Elections have become a joke as we can vote for either Dominic Tweedledee or Chris Tweedledum. Listening to their campaign speeches, I've concluded that LOL stands for 'Lots of lies'. It is claimed that a country gets the politicians it deserves. I'm struggling to identify just what it is we have done to be so undeserving. I usually do my voting by mail because what I think of the bastards could not be said in public.
(Of course, you have to be eighteen years old to be allowed to vote which is surprising since even a four-year-old can now already decide in kindergarten what sex he or she (or it) wants to be. Now that all of them have achieved marriage rights, they face the same moral quandary we did: should they have sex before marriage?)

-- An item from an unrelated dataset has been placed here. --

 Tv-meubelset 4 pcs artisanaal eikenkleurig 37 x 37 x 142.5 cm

Even Oxfam no longer just wants to save children; they now want to save our language as well by putting out a 92-page bizarre 'inclusive' language guide to their staff which warns against 'colonial' phrases such as 'headquarters', suggests 'local' may be offensive and says 'people' could be patriarchal. All the familiar rubbish is trotted out: 'parent' is preferable to 'mother' or 'father', and 'people who become pregnant' should be used instead of 'expectant mothers'. The introduction apologises for being written in and about the English language, saying: 'We recognise that this guide has its origin in English, the language of a colonising nation. We acknowledge the Anglo-supremacy of the sector as part of its coloniality.' [Sadly ‘coloniality’ is a real word — it's in the Oxford, recorded from 1862.] This absurd introduction goes on: 'This guide aims to support people who have to work and communicate in the English language as part of this colonial legacy. However, we recognise that the dominance of English is one of the key issues that must be addressed in order to decolonise our ways of working and shift power.' What will they do? Use sign language? I have just the sign for them!

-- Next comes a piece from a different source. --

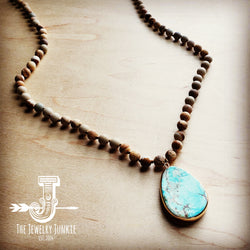 Bohemian Natural JASPER Beaded Necklace with Ocean Agate Pendant 245u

(And now that 'Baa Baa Black Sheep' has been replaced with 'Baa Baa Little Sheep', I presume I have become the little sheep of the family. Still, it is refreshing to note that in the politically correct society we have created, we can still refer to a black hole in a financial context although I'd be happy to call it anything as long as I get out of it. As for changing the name of little Titty in Arthur Ransome's "Swallows and Amazons" to a more politically correct Tatty, may I suggest that at a time when nouns and verbs are so often muddled together, it's become quite urgent to also give Roger the ship's boy a change of name.)
It's still early morning at "Riverbend". Padma has gone into the Bay to help a friend run a charity stall in the shopping centre, and I can look forward to a peaceful day. May there be many more days like this!